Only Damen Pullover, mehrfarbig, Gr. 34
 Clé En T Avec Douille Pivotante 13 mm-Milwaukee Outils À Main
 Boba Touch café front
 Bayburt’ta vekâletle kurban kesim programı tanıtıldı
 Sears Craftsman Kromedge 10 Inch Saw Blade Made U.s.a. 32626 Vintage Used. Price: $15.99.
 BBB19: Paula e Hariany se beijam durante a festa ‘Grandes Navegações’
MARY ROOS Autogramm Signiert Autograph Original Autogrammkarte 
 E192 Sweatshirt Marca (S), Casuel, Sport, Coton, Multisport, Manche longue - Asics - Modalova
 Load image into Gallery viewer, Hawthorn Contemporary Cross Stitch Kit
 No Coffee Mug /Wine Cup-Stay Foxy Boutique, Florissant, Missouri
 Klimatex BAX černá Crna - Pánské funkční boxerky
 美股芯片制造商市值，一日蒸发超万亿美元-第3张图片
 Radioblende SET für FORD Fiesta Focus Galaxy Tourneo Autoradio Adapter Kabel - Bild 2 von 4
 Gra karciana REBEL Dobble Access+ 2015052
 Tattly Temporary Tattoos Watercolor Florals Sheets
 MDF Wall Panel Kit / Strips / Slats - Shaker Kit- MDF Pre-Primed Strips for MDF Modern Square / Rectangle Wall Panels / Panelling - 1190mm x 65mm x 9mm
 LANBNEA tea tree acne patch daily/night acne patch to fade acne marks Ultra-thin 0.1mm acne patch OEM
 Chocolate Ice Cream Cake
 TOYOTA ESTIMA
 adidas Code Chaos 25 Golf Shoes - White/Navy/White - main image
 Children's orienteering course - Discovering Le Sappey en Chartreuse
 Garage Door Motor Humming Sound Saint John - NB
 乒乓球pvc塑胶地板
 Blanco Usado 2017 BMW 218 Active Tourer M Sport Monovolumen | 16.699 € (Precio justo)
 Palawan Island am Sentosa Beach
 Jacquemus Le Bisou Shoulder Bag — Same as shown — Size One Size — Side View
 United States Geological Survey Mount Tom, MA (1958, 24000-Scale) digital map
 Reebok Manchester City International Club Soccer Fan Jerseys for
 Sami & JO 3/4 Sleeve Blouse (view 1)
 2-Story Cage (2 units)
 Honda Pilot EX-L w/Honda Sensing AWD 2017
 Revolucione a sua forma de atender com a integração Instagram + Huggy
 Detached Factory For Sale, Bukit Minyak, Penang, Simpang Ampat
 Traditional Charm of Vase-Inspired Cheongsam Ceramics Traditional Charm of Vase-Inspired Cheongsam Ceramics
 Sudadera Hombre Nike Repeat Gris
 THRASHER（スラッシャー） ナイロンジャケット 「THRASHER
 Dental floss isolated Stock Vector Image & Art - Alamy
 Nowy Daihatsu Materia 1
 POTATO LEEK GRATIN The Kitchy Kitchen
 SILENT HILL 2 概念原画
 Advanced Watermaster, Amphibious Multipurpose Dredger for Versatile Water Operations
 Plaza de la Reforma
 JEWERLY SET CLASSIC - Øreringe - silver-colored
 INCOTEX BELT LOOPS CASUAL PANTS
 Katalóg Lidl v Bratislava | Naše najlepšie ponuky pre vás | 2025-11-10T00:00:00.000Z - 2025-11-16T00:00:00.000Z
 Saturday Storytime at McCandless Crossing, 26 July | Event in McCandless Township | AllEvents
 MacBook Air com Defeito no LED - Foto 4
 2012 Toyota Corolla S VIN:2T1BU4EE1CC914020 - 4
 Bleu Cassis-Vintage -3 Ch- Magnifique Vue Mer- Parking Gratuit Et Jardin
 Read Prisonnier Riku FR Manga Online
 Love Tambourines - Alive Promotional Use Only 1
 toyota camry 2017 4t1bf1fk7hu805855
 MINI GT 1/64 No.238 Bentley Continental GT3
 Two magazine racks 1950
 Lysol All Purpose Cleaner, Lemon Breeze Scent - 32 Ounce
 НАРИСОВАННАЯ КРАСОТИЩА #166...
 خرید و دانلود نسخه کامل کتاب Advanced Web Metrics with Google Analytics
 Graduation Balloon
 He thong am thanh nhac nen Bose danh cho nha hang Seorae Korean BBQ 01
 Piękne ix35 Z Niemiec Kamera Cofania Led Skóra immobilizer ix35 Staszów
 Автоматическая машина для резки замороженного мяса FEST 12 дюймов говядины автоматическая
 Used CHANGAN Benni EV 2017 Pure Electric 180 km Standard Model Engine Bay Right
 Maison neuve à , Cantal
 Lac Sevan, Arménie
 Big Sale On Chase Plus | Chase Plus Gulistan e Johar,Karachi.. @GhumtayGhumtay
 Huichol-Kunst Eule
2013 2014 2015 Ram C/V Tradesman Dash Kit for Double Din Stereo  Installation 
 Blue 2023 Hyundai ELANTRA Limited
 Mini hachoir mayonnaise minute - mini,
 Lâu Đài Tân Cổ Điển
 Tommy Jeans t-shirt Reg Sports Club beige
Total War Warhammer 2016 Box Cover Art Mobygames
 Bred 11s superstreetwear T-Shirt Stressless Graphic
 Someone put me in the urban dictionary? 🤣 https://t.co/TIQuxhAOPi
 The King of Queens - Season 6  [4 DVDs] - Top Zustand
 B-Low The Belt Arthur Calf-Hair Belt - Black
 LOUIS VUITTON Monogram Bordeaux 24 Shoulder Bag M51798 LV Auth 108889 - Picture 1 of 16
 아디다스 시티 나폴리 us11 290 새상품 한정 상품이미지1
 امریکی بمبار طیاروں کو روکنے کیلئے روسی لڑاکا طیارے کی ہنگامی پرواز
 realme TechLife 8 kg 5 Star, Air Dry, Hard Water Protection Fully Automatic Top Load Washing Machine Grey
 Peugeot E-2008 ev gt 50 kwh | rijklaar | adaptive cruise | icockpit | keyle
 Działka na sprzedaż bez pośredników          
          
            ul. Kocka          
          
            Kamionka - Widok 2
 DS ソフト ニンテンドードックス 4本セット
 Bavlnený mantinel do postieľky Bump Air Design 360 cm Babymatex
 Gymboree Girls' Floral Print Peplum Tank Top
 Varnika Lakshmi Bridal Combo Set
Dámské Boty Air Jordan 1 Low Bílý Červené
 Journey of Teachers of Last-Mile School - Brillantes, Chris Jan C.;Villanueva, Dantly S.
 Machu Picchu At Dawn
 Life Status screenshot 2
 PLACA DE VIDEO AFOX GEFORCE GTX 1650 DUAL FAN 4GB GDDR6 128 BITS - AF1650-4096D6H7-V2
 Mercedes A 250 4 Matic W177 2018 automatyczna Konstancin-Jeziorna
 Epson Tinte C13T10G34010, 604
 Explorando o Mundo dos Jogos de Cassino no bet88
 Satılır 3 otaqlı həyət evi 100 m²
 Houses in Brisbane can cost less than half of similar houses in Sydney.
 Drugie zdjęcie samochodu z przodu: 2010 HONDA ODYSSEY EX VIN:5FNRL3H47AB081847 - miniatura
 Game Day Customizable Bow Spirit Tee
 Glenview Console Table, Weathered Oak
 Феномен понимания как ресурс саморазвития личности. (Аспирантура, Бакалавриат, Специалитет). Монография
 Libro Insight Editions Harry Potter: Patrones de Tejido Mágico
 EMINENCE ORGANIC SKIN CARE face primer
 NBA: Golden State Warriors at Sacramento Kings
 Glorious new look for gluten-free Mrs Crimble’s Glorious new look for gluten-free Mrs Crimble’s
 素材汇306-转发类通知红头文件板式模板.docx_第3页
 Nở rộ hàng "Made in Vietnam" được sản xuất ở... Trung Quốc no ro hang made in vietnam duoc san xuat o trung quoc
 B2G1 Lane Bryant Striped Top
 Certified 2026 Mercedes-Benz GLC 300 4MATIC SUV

## About this task
Take the entries above and return all of them exactly.

## Solution to this problem
Only Damen Pullover, mehrfarbig, Gr. 34
 Clé En T Avec Douille Pivotante 13 mm-Milwaukee Outils À Main
 Boba Touch café front
 Bayburt’ta vekâletle kurban kesim programı tanıtıldı
 Sears Craftsman Kromedge 10 Inch Saw Blade Made U.s.a. 32626 Vintage Used. Price: $15.99.
 BBB19: Paula e Hariany se beijam durante a festa ‘Grandes Navegações’
MARY ROOS Autogramm Signiert Autograph Original Autogrammkarte 
 E192 Sweatshirt Marca (S), Casuel, Sport, Coton, Multisport, Manche longue - Asics - Modalova
 Load image into Gallery viewer, Hawthorn Contemporary Cross Stitch Kit
 No Coffee Mug /Wine Cup-Stay Foxy Boutique, Florissant, Missouri
 Klimatex BAX černá Crna - Pánské funkční boxerky
 美股芯片制造商市值，一日蒸发超万亿美元-第3张图片
 Radioblende SET für FORD Fiesta Focus Galaxy Tourneo Autoradio Adapter Kabel - Bild 2 von 4
 Gra karciana REBEL Dobble Access+ 2015052
 Tattly Temporary Tattoos Watercolor Florals Sheets
 MDF Wall Panel Kit / Strips / Slats - Shaker Kit- MDF Pre-Primed Strips for MDF Modern Square / Rectangle Wall Panels / Panelling - 1190mm x 65mm x 9mm
 LANBNEA tea tree acne patch daily/night acne patch to fade acne marks Ultra-thin 0.1mm acne patch OEM
 Chocolate Ice Cream Cake
 TOYOTA ESTIMA
 adidas Code Chaos 25 Golf Shoes - White/Navy/White - main image
 Children's orienteering course - Discovering Le Sappey en Chartreuse
 Garage Door Motor Humming Sound Saint John - NB
 乒乓球pvc塑胶地板
 Blanco Usado 2017 BMW 218 Active Tourer M Sport Monovolumen | 16.699 € (Precio justo)
 Palawan Island am Sentosa Beach
 Jacquemus Le Bisou Shoulder Bag — Same as shown — Size One Size — Side View
 United States Geological Survey Mount Tom, MA (1958, 24000-Scale) digital map
 Reebok Manchester City International Club Soccer Fan Jerseys for
 Sami & JO 3/4 Sleeve Blouse (view 1)
 2-Story Cage (2 units)
 Honda Pilot EX-L w/Honda Sensing AWD 2017
 Revolucione a sua forma de atender com a integração Instagram + Huggy
 Detached Factory For Sale, Bukit Minyak, Penang, Simpang Ampat
 Traditional Charm of Vase-Inspired Cheongsam Ceramics Traditional Charm of Vase-Inspired Cheongsam Ceramics
 Sudadera Hombre Nike Repeat Gris
 THRASHER（スラッシャー） ナイロンジャケット 「THRASHER
 Dental floss isolated Stock Vector Image & Art - Alamy
 Nowy Daihatsu Materia 1
 POTATO LEEK GRATIN The Kitchy Kitchen
 SILENT HILL 2 概念原画
 Advanced Watermaster, Amphibious Multipurpose Dredger for Versatile Water Operations
 Plaza de la Reforma
 JEWERLY SET CLASSIC - Øreringe - silver-colored
 INCOTEX BELT LOOPS CASUAL PANTS
 Katalóg Lidl v Bratislava | Naše najlepšie ponuky pre vás | 2025-11-10T00:00:00.000Z - 2025-11-16T00:00:00.000Z
 Saturday Storytime at McCandless Crossing, 26 July | Event in McCandless Township | AllEvents
 MacBook Air com Defeito no LED - Foto 4
 2012 Toyota Corolla S VIN:2T1BU4EE1CC914020 - 4
 Bleu Cassis-Vintage -3 Ch- Magnifique Vue Mer- Parking Gratuit Et Jardin
 Read Prisonnier Riku FR Manga Online
 Love Tambourines - Alive Promotional Use Only 1
 toyota camry 2017 4t1bf1fk7hu805855
 MINI GT 1/64 No.238 Bentley Continental GT3
 Two magazine racks 1950
 Lysol All Purpose Cleaner, Lemon Breeze Scent - 32 Ounce
 НАРИСОВАННАЯ КРАСОТИЩА #166...
 خرید و دانلود نسخه کامل کتاب Advanced Web Metrics with Google Analytics
 Graduation Balloon
 He thong am thanh nhac nen Bose danh cho nha hang Seorae Korean BBQ 01
 Piękne ix35 Z Niemiec Kamera Cofania Led Skóra immobilizer ix35 Staszów
 Автоматическая машина для резки замороженного мяса FEST 12 дюймов говядины автоматическая
 Used CHANGAN Benni EV 2017 Pure Electric 180 km Standard Model Engine Bay Right
 Maison neuve à , Cantal
 Lac Sevan, Arménie
 Big Sale On Chase Plus | Chase Plus Gulistan e Johar,Karachi.. @GhumtayGhumtay
 Huichol-Kunst Eule
2013 2014 2015 Ram C/V Tradesman Dash Kit for Double Din Stereo  Installation 
 Blue 2023 Hyundai ELANTRA Limited
 Mini hachoir mayonnaise minute - mini,
 Lâu Đài Tân Cổ Điển
 Tommy Jeans t-shirt Reg Sports Club beige
Total War Warhammer 2016 Box Cover Art Mobygames
 Bred 11s superstreetwear T-Shirt Stressless Graphic
 Someone put me in the urban dictionary? 🤣 https://t.co/TIQuxhAOPi
 The King of Queens - Season 6  [4 DVDs] - Top Zustand
 B-Low The Belt Arthur Calf-Hair Belt - Black
 LOUIS VUITTON Monogram Bordeaux 24 Shoulder Bag M51798 LV Auth 108889 - Picture 1 of 16
 아디다스 시티 나폴리 us11 290 새상품 한정 상품이미지1
 امریکی بمبار طیاروں کو روکنے کیلئے روسی لڑاکا طیارے کی ہنگامی پرواز
 realme TechLife 8 kg 5 Star, Air Dry, Hard Water Protection Fully Automatic Top Load Washing Machine Grey
 Peugeot E-2008 ev gt 50 kwh | rijklaar | adaptive cruise | icockpit | keyle
 Działka na sprzedaż bez pośredników          
          
            ul. Kocka          
          
            Kamionka - Widok 2
 DS ソフト ニンテンドードックス 4本セット
 Bavlnený mantinel do postieľky Bump Air Design 360 cm Babymatex
 Gymboree Girls' Floral Print Peplum Tank Top
 Varnika Lakshmi Bridal Combo Set
Dámské Boty Air Jordan 1 Low Bílý Červené
 Journey of Teachers of Last-Mile School - Brillantes, Chris Jan C.;Villanueva, Dantly S.
 Machu Picchu At Dawn
 Life Status screenshot 2
 PLACA DE VIDEO AFOX GEFORCE GTX 1650 DUAL FAN 4GB GDDR6 128 BITS - AF1650-4096D6H7-V2
 Mercedes A 250 4 Matic W177 2018 automatyczna Konstancin-Jeziorna
 Epson Tinte C13T10G34010, 604
 Explorando o Mundo dos Jogos de Cassino no bet88
 Satılır 3 otaqlı həyət evi 100 m²
 Houses in Brisbane can cost less than half of similar houses in Sydney.
 Drugie zdjęcie samochodu z przodu: 2010 HONDA ODYSSEY EX VIN:5FNRL3H47AB081847 - miniatura
 Game Day Customizable Bow Spirit Tee
 Glenview Console Table, Weathered Oak
 Феномен понимания как ресурс саморазвития личности. (Аспирантура, Бакалавриат, Специалитет). Монография
 Libro Insight Editions Harry Potter: Patrones de Tejido Mágico
 EMINENCE ORGANIC SKIN CARE face primer
 NBA: Golden State Warriors at Sacramento Kings
 Glorious new look for gluten-free Mrs Crimble’s Glorious new look for gluten-free Mrs Crimble’s
 素材汇306-转发类通知红头文件板式模板.docx_第3页
 Nở rộ hàng "Made in Vietnam" được sản xuất ở... Trung Quốc no ro hang made in vietnam duoc san xuat o trung quoc
 B2G1 Lane Bryant Striped Top
 Certified 2026 Mercedes-Benz GLC 300 4MATIC SUV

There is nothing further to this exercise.